(EXERCISE DATA)
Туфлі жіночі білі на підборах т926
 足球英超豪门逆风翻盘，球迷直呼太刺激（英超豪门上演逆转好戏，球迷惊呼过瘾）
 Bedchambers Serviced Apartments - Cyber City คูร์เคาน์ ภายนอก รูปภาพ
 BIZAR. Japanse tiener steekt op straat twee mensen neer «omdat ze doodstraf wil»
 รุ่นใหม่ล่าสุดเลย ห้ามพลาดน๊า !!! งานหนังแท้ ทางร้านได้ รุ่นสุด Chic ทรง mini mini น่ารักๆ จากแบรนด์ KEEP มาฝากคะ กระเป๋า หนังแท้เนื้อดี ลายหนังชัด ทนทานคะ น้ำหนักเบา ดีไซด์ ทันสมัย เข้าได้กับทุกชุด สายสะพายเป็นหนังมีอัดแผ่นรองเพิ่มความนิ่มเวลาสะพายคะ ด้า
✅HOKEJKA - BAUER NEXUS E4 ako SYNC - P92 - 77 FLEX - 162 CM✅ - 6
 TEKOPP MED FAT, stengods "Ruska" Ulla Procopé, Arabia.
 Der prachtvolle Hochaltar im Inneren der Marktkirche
(End EXERCISE DATA)
Copy out exactly the lines running from the line with "รุ่นใหม่ล่าสุดเลย ห้ามพลาดน๊า !!!" to the end of the records, inclusive.

- [RESULT FOR THIS TASK]
 รุ่นใหม่ล่าสุดเลย ห้ามพลาดน๊า !!! งานหนังแท้ ทางร้านได้ รุ่นสุด Chic ทรง mini mini น่ารักๆ จากแบรนด์ KEEP มาฝากคะ กระเป๋า หนังแท้เนื้อดี ลายหนังชัด ทนทานคะ น้ำหนักเบา ดีไซด์ ทันสมัย เข้าได้กับทุกชุด สายสะพายเป็นหนังมีอัดแผ่นรองเพิ่มความนิ่มเวลาสะพายคะ ด้า
✅HOKEJKA - BAUER NEXUS E4 ako SYNC - P92 - 77 FLEX - 162 CM✅ - 6
 TEKOPP MED FAT, stengods "Ruska" Ulla Procopé, Arabia.
 Der prachtvolle Hochaltar im Inneren der Marktkirche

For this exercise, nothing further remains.